Tuesday, August 30, 2016
Morning Thanks--Wild plums
Occasionally I'll read headlines, but I don't remember ever even picking one up. I like to think that I am above falling for those shameless grocery store tabloids and their batty titillation. But yesterday I fell to a check-out line special on Snickers bars--with almonds, by the way--just two for a buck and a half. I fell.
"Impulse buy," I said, excusing myself to the high-schooler who took my money.
"Well, we got ya', didn't we?" she said, showing no mercy. A couple of Snickers are in our freezer right now, awaiting a fate that'll come in bite-sized chunks. this Calvinist being what and who he is. I impulse-bought because I'd worked hard all day, maybe too hard for a man all too quickly approaching seventy years old. I'd earned a treat, I told myself, unCalvinistically. Besides, these Snickers had almonds too--almonds are health food. And they were on sale.

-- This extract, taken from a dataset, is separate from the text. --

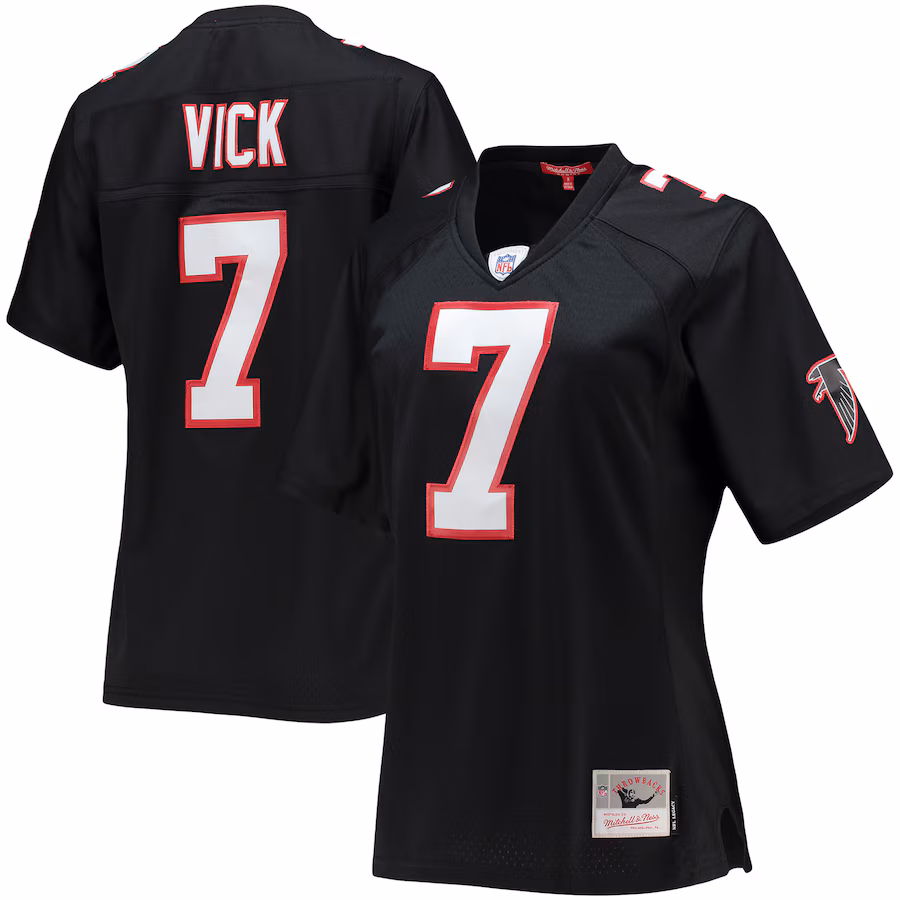 Women's Atlanta Falcons Michael Vick Mitchell & Ness Black Legacy Replica Player Jersey - Jersey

He who sups with the devil had best use a long spoon.
See that picture up top? I walk by these guys quite frequently, often enough to know that they're not having a good year. The wild plums aren't scarce this summer, but neither are they abundant or particularly beautiful. But they're here now, and whenever I walk by I can't help but think of a whole band of hungry Yanktons in the neighborhood, all of them just loving these things to death.

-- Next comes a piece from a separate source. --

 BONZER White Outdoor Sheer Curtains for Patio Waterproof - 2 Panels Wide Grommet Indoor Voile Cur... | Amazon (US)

In a diet of pemmican and roots and tubers--and an occasional blowout buffalo roast--wild plums were better'n Snickers back in the 1830s. For a people without sugar, those plums were the only bit of sweet they knew. You can't help reading about the glory of glorious ripe plums in any history of their lives out here. Once upon a time, hungry moms and dads and kids gorged themselves when the plums came ripe, set their calendars by fruity juiciness. Once upon the time these plums, the ones I walk by and barely notice, were a perfect delicacy. Once upon the time their sweet tangy selves created a holiday.
Today, no one picks them. We've got sugar and corn syrup and Snickers, two for a buck and a half.

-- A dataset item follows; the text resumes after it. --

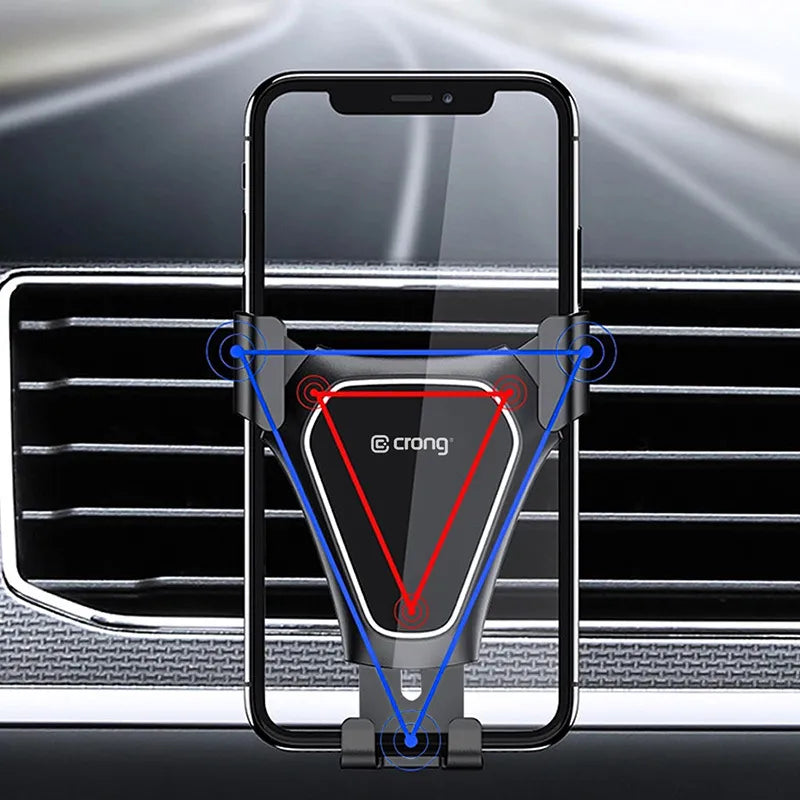 Crong Gravity Auto-Clip automobilinis laikiklis - gravitacinis telefono laikiklis 4,7"- 6,5" telefonams (juodas)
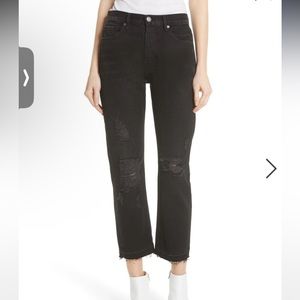 Frame Le Original Released Hem High Waist Jeans In Grey River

I suppose it's a species of nostalgia I feel when we walk past the trees. I let the fruit hang, and eventually they fall--no celebrations, no dancing, no kids sporting little beards of wet plum juice. Feels something like a shame to an old man like me.
And there's this too. An old friend of mine used to write about summer days when the plums would be ripe along the Rock River. Those were museum-quality boyhood stories, and every once in a while in the columns in the Doon Press he'd remember those running after those wild plums, symbols of a boyhood he remembered before polio put him into a wheelchair for the rest of his life, a boyhood he loved right there where he lived his entire span of years. Oh, those wild plums. Remember what that was like? he'd ask.
I don't. I grew up in the age of Three Musketeers, Milky Ways, and Snickers.
But I remember him when I walk past those plum trees. He's been gone for a long time now, but I remember the way he remembered the juicy blessing of those wild plums. Sometime this afternoon, when I break into that Snickers bar, I'll remember him too.
And I'll smile, and I'll be thankful for that smile and its lifetime of sources--wild plums, overjoyed Yanktons, and a little boy along a river not all that far away.